Neuroprotection provides several advantages, especially for those suffering from certain neurological disorders. Here are the main benefits:

  1. Guarding Against Injury and Damage: Neuroprotection’s primary goal is to shield the nervous system from harm and damage, a critical aspect for individuals with neurological diseases.

  2. Preventing Additional Nerve Damage: Current neuroprotective measures may not reverse existing damage, but they can help prevent further nerve damage and slow down the degeneration of the central nervous system (CNS).

  3. Treating Various Conditions: Some neuroprotective strategies can benefit more than one condition, as many neurological disorders share common characteristics.

  4. Potential for Developing New Treatments: Researchers continually explore a broad spectrum of treatments, some already used today. This ongoing research offers hope for creating new neuroprotective therapies in the future.

  5. Enhancing Quality of Life: By slowing down the progression of neurological diseases and preventing further nerve damage, neuroprotection can improve the quality of life for individuals with these conditions.

Final Words

Neuroprotection is a promising area in treating various neurological disorders.

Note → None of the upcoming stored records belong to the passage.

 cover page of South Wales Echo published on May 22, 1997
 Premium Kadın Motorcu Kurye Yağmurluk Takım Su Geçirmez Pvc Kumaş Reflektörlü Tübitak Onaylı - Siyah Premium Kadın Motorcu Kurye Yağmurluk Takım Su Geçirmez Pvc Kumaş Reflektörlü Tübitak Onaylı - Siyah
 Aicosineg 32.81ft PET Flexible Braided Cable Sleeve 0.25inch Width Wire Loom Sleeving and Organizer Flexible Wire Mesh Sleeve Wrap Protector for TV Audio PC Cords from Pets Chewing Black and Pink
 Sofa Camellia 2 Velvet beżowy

By comprehending and addressing the mechanisms that cause neuronal injury, such as excitotoxicity and oxidative stress, we may be able to decelerate or even stop the progression of these severe diseases. However, it’s essential to consider the potential risks and side effects linked with neuroprotective treatments. While current neuroprotectors can’t undo existing damage, they might safeguard against additional nerve damage and decelerate any degeneration of the central nervous system (CNS). As research in this area progresses, we can anticipate more effective and safer neuroprotective strategies in the future.

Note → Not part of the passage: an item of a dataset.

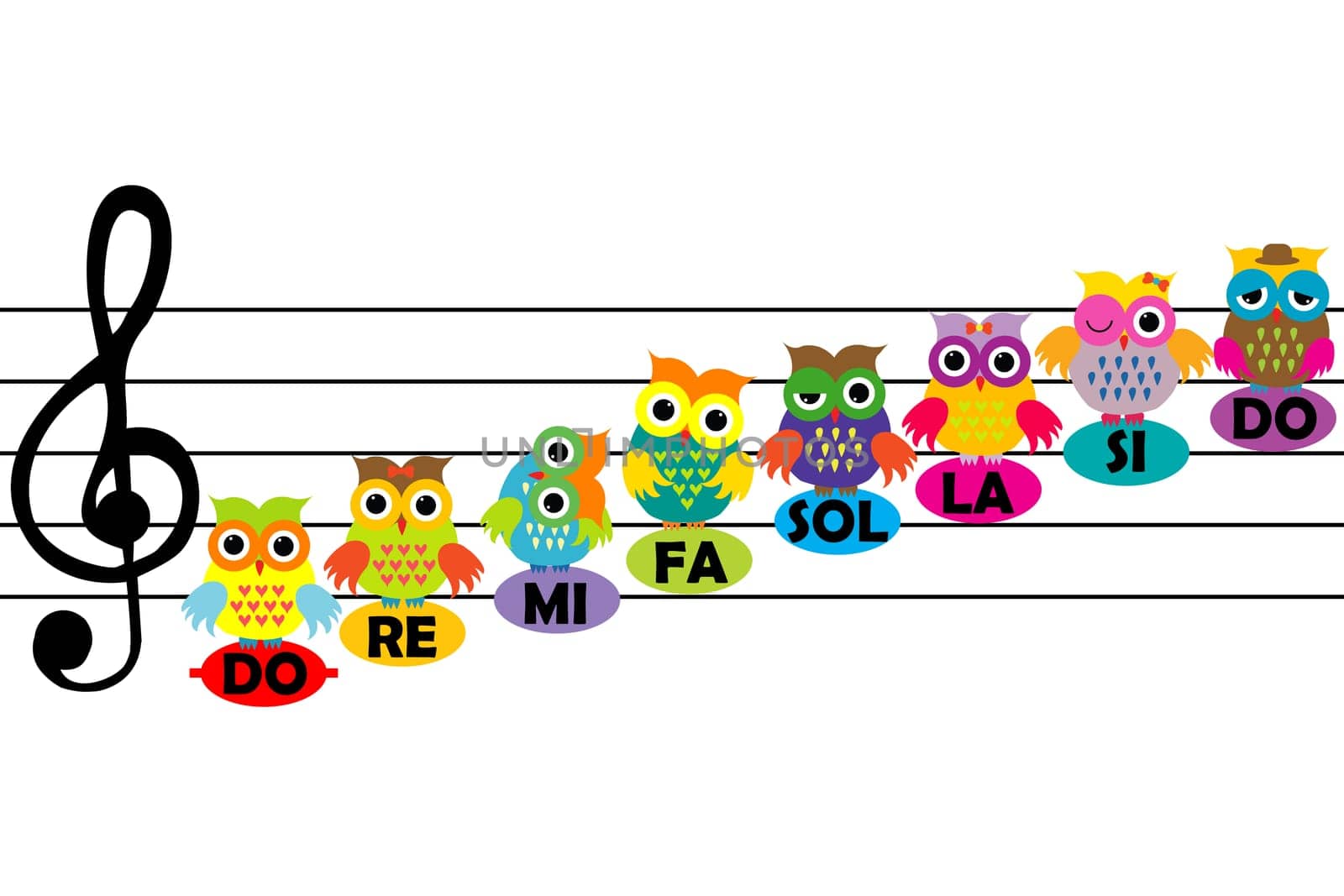 Musical background with cartoon owls on stave like music notes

How does neuroprotection work?
Neuroprotection works by targeting and interrupting the pathological processes that lead to neuronal damage or death. This can involve a variety of strategies, including inhibiting excitotoxicity, reducing oxidative stress, improving mitochondrial function, modulating inflammation, and using trophic factors to support neuron health.
What position is recommended for neuroprotection in a clinical setting?
In patients at risk of neurological injury, such as those with increased intracranial pressure, it is often recommended that the head of the bed be elevated to 30°. This helps to decrease intracranial pressure and promotes venous drainage. Additionally, keeping the patient’s head in the midline position avoids compromising jugular venous outflow.
What type of exercise is best for neuroprotection?
Moderate exercise, which raises the heart rate by about 20-25% from baseline, is considered beneficial for neuroprotection. Activities like brisk walking, cycling, or swimming performed regularly can help enhance blood flow to the brain and may encourage the release of neurotrophic factors.
Can diet influence neuroprotection?
Yes, diet can play a significant role in neuroprotection. Diets rich in antioxidants, omega-3 fatty acids, and anti-inflammatory compounds, such as the Mediterranean diet, have been associated with reduced risk of neurodegenerative diseases and may have neuroprotective effects.
Are there any drugs currently approved for neuroprotection?
While there are many compounds with neuroprotective properties being researched, very few have been approved specifically for neuroprotection. However, some medications used for other conditions may have neuroprotective benefits, such as certain NMDA receptor antagonists, calcium channel blockers, and antioxidants.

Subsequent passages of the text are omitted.